Only once I read about this matter, in an internationally known researcher’s book, an Africanist, who had been through hell not once. We don’t think much about this side of the field-work, but we should. It does affect the body and mind, and in more serious cases it may take years to recover from an infection. It’s bad enough if it ruins ’only’ those few weeks or months you have on the field, but years of struggle for a few publications, is plain silly.

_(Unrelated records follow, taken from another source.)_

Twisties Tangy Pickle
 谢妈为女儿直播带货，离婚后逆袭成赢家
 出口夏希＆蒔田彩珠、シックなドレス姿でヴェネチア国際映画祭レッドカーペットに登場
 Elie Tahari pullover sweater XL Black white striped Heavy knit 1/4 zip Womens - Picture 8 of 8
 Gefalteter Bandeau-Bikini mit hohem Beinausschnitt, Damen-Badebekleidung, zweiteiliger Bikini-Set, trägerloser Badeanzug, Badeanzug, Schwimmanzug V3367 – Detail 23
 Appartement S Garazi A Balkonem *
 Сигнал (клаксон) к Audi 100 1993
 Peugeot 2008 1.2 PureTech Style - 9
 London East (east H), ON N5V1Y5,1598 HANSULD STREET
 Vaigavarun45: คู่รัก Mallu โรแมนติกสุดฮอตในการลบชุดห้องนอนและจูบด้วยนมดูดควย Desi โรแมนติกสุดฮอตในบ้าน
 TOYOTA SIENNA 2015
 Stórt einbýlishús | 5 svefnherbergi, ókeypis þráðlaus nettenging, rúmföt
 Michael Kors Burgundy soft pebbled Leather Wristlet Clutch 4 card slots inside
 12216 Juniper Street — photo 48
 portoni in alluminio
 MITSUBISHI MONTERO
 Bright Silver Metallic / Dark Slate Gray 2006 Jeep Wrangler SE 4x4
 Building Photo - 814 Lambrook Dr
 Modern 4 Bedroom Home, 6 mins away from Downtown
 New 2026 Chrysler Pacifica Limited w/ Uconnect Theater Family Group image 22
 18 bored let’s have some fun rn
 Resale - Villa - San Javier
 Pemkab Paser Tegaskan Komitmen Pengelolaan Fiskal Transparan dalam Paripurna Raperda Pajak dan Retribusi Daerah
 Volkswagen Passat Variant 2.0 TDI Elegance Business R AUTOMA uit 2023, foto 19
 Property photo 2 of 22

Before you start wondering what horrible places I have visited, I can assure you, I have seen the most beautiful places, meeting the kindest people possible. After birth we start getting used to certain bacterias and viruses, the body learns to deal with them, and when we put the system into a new environment, it will respond accordingly, sometimes violently. In most cases we combat the newcomers unnoticed but there are situations when things come at a price. Which price we are happy to pay in return for the beauty of nature and humans we experience and meet along the way.
The situation of researchers vary from country to country, and your status (student, young researcher, post doc, academic staff, member of various institutions) also affect your circumstances. When we start, certainly in my part of the world, most of us travel on a budget and settle for the most basic conditions, which has an impact on your health too. I changed direction a couple of years ago so my life is way more luxurious these days, but the basics remain. A holiday by the pool of a hotel, which hermetically separates me from the reality of the outside world, is meaningless to me.